Чем нация отличается от народа с точки зрения своего внутреннего устройства? Только ли равенством? Нация есть явление становящееся относительно самого себя. Народ кажется неподвижным. Народ — просто совокупность людей под контролем суверена. Разумеется, способностью к трансформации обладает и традиционное общество. Но в нем для трансформации нужен кризис. Гражданская война, убийство монарха феодалами или иной катаклизм. Ибо если нет суверена, то человек человеку — волк. Больше того, если нет суверена, то человек человеку — не человек. В самом деле, протестант эпохи религиозных войн охотно бы убил католика и наоборот.
В рамках же нации все люди — братья и заговорщики (просто потому, что замазаны и повязаны — они убили суверена). А раз так, то появляется возможность установления правил игры, партийной системы. Кризис в рамках традиционного общества — это война. Два войска встречаются на поле битвы, кто победил — тот и прав. Арбитра между ними нет. Борьба же в рамках нации похожа на футбол. Коль скоро все люди братья, а все граждане — равны, они вправе объединяться в отдельные «команды», и забивать голу друг другу. Но есть «судейская коллегия», есть «арбитр», который диктует единые правила. Вне поля футболисты разных команд могут иметь неплохие личные отношения.
Для того чтобы сменить монарха в традиционном обществе, необходимо выйти за пределы правил игры. Ибо, даже если и существует механизм легального отстранения суверена от власти, широкие народные массы к нему не допущены. Ибо основания власти суверена лежат не в народе, а в Божестве.
Нация же обладает суверенитетом сама по себе. Именно поэтому в рамках нации возможна демократия. Больше того, для нации она естественна. Ибо нация, как мы уже видели выше, есть явление механическое, а не органическое. Демократия напрямую происходит из идеи нации. Ибо приняв идею равенства граждан, а также идею нации как совокупности этих граждан, обладающей суверенитетом, то следующим ходом мы должны признать, что граждане имеют право выбирать верховного правителя, формировать парламент и т. п.

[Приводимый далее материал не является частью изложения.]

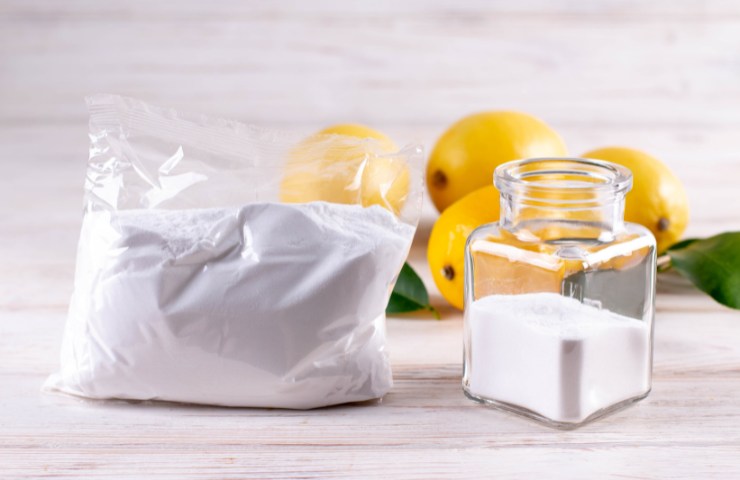 Sale limone e bicarbonato di sodio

В современной России нация не сложилась. Изгнав в 1991 году советского суверена Михаила Сергеевича, «дорогие россияне» выдвинули на «царский престол» бывшего удельного князя Бориса Николаевича. Который подтвердил свое право «всех убить» в ходе событий 1993 года, чем закрепил статус суверена за президентом России. Проблема в том, что действующая политическая система обладает всеми недостатками, присущими подобным обществам. Любое полезное изменение в государственном устройстве России вводится в результате серьезного кризиса. Кризисом является также отставка президента России (отсюда «проблема 2000» и «проблема 2008»). По сути дела, в России система суверена барахлит как ни в какой другой стране мира. Над громоздкой империей одерживают верх не только относительно крупные национальные государства, вроде Украины, но и страны третьего мира, стоящие на одном уровне развития с самыми слаборазвитыми государствами Африки, вроде Грузии. Выясняется, что национальное государство по эффективности в разы превосходит «государство суверена».
Многие уверены, что национальная революция в России приведет к утрате суверенитета. Однако парадокс состоит в том, что чем дольше сохраняется нынешняя, изжившая себя система, тем более вероятной остается вероятность развала России. Просто потому, что бесконечные кризисы при переходе власти от одного суверена к другому страна может и не пережить.